外部的执行回调在t->func(t->arg)中，具体task的处理函数在xcom_base.c中被注册：

void	start_run_tasks()
{
	force_recover = 0;
	client_boot_done = 1;
	netboot_ok = 1;
	booting = 0;
	set_proposer_startpoint();
	create_proposers();
	set_task(&executor, task_new(executor_task, null_arg, "executor_task", XCOM_THREAD_DEBUG));
	set_task(&sweeper, task_new(sweeper_task, null_arg, "sweeper_task", XCOM_THREAD_DEBUG));
	set_task(&detector, task_new(detector_task, null_arg, "detector_task", XCOM_THREAD_DEBUG));
	set_task(&alive_t, task_new(alive_task, null_arg, "alive_task", XCOM_THREAD_DEBUG));
}

也就是假设task被xcom组件收到，最终会调用executor_task函数。这里逻辑比较多，也比较复杂，暂时略过，处理消息的函数为execute_msg，最终会通过deliver_to_app来调用设置的xcom_receive_data的回调，也就是cb_xcom_receive_data。

在cb_xcom_receive_data的处理中，主要是消息打包成Gcs_xcom_notification 对象，最主要的是会设置一个回调函数do_cb_xcom_receive_data ，然后压入m_notification_queue队列中，至此xcom传递的消息被缓存入队列中。

至此，xcom_taskmain_startup线程的逻辑主要是读取xcom消息，并且打包消息，设置处理的回调函数，并且将其压入队列，等待另一个线程对其进行进一步的处理。

下面就是process_notification_thread线程的逻辑了，简而言之就是读取队列中的消息，进行分发，然后push到对应handler的队列中，等待相应的handler的工作线程进行下一步处理。

而m_notification_queue中消息的处理，是由另一个线程process_notification_thread 处理的，这些实现在gcs_xcom_notification.cc中。Gcs_xcom_engine::process 是一个堵塞队列，假设有新消息被入队了，条件标量会进行signal，唤醒process来处理新的消息。

	// 等待条件变量被唤醒
	m_wait_for_notification_mutex.lock();
    while (m_notification_queue.empty())
    {
      m_wait_for_notification_cond.wait(
        m_wait_for_notification_mutex.get_native_mutex()
      );
    }
    notification= m_notification_queue.front();
    m_notification_queue.pop();
    m_wait_for_notification_mutex.unlock();
    
    // 入队线程，唤醒条件变量
    m_wait_for_notification_mutex.lock();
    if (m_schedule)
    {
      m_notification_queue.push(request);
      m_wait_for_notification_cond.broadcast();
      scheduled= true;
    }
    m_wait_for_notification_mutex.unlock();

每次取出一个消息，都会通过()操作符来进行对象调用，在上述的类用途中已经介绍过了，每个notification构造的时候传入的回调函数，这个时候都会被调用，于是取出消息后，又跳到了之前设置的do_cb_xcom_receive_data 函数中进行具体的消息处理。
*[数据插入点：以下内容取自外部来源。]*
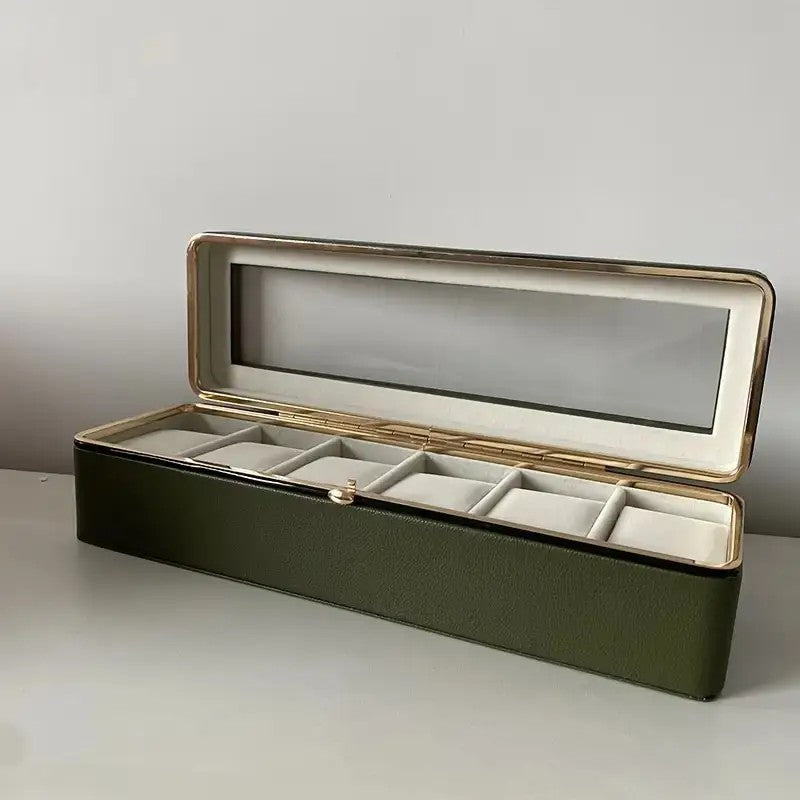 Luxury transparent-lid watch box with 6 fabric-lined compartments, portable and shockproof design, suitable for both men and women. Ideal for home, travel, or gifting—a refined storage solution for fine watches and jewelry. (brown)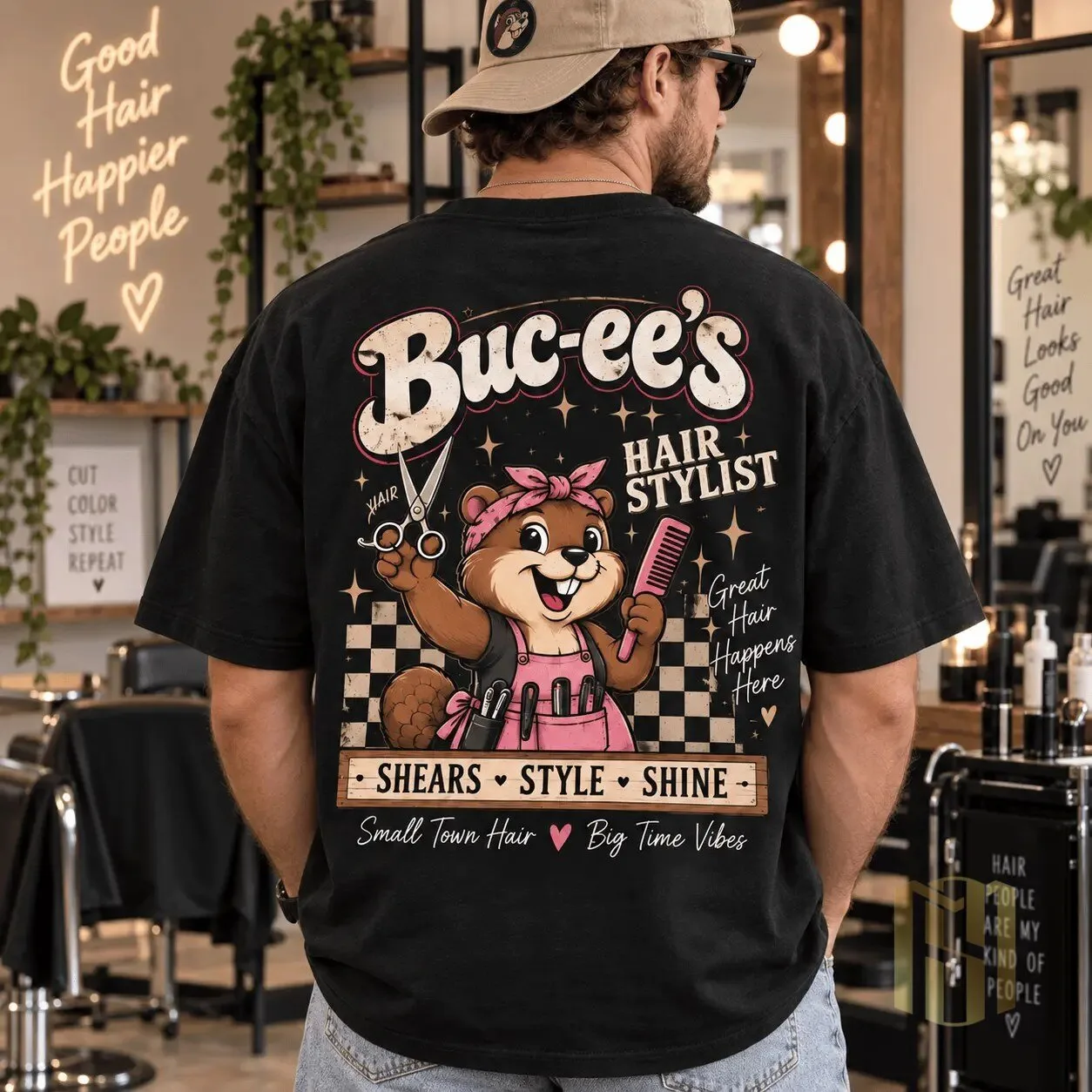 Buc-ee's Beaver Hair Stylist Good Hair Happier People Black T-Shirt 6 buc ee s beaver hair stylist good hair happier people black t shirt gallery 1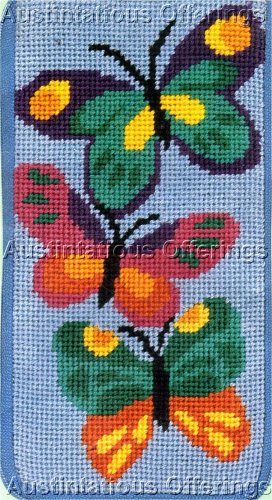 PREASSEMBLED NEEDLEPOINT COLORFUL BUTTERFLY EYEGLASS/CELLPHONE CASE
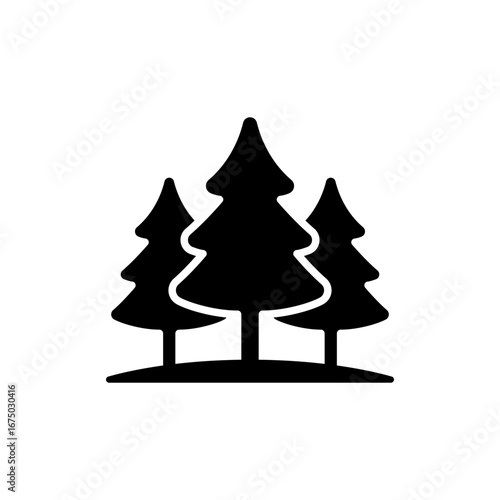 Growing trees icon. Simple solid style. Wild forests, park cultivation, nature area protection, landscape, garden, reforestation concept. Silhouette, glyph symbol. Vector isolated design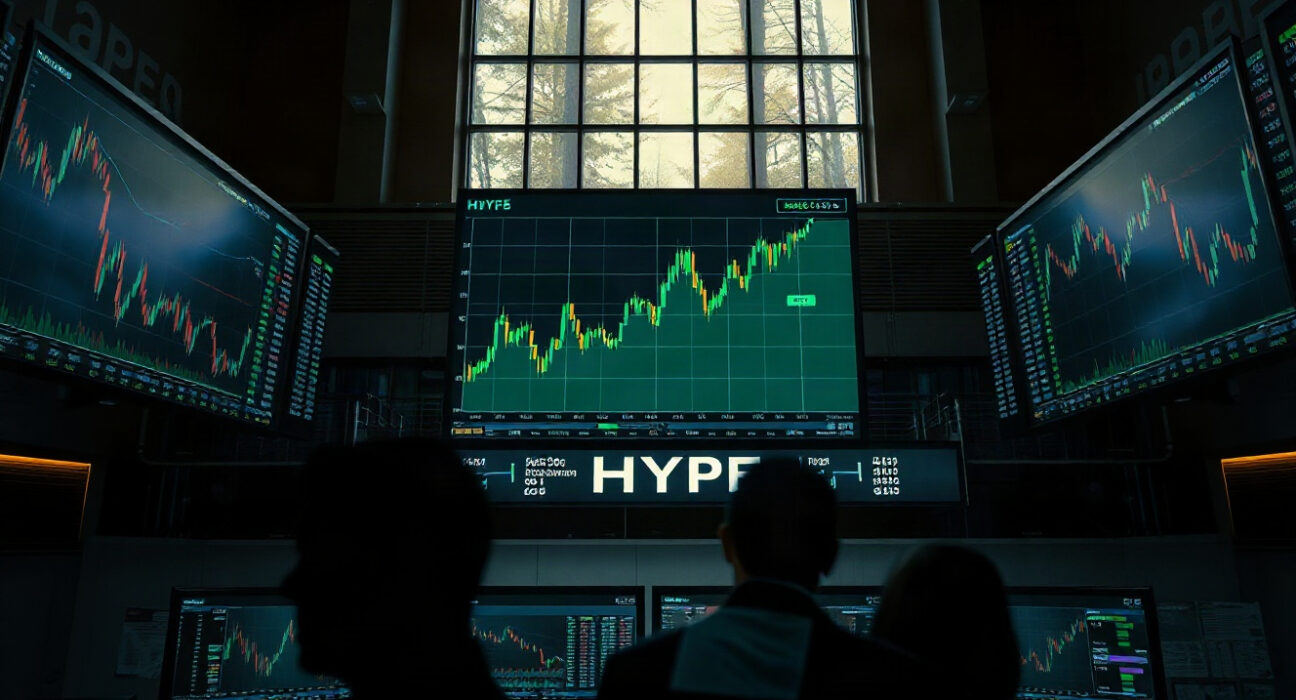 Trading screens showing HYPE token price surge on a financial floor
do_cb_xcom_receive_data 的实现在gcs_xcom_interface.cc中，经过一些处理转换为Gcs_message之后，会调用Gcs_xcom_communication::xcom_receive_data 来进行处理，大致处理的逻辑就是会回调一批监听的回调函数来通知它们消息收到了。

这个监听回调函数的注册在gcs在进行join的时候进行注册，具体可见gcs_oeprations.cc中的Gcs_operations::join ：

gcs_control->add_event_listener(control_event_listener);
gcs_communication->add_event_listener(communication_event_listener);

我们来看一下communication的监听函数的信息，这个communication_event_listener是在start_group_communication 的时候被传入的，上面也谈到了，最终注册的事件处理函数对象是一个Plugin_gcs_events_handler 对象，事件处理相关的逻辑都被封装在了这个类的实现中。

我们来看一下它的on_message_received 的实现。它会根据Gcs_message 的类型来进行一次分发，我们这里只关心CT_TRANSACTION_MESSAGE 消息，所以主要看一下handle_transactional_message 的实现。

这个实现非常简短，只要是将消息提交给Applier_module对象来进行处理：

    const unsigned char* payload_data= NULL;
    uint64 payload_size= 0;
    Plugin_gcs_message::get_first_payload_item_raw_data(
        message.get_message_data().get_payload(),
        &payload_data, &payload_size);

    this->applier_module->handle(payload_data, static_cast<ulong>(payload_size));

我们继续看一下Applier_module的handle的具体逻辑：

  /**
    Queues the packet coming from the reader for future application.

    @param[in]  data      the packet data
    @param[in]  len       the packet length

    @return the operation status
      @retval 0      OK
      @retval !=0    Error on queue
  */
  int handle(const uchar *data, ulong len)
  {
    this->incoming->push(new Data_packet(data, len));
    return 0;
  }

在进行分发之后，也只是放入一个incoming的队列之中，于是我们也想到了，这个incoming队列的处理，应该又是由一个新的线程进行处理的。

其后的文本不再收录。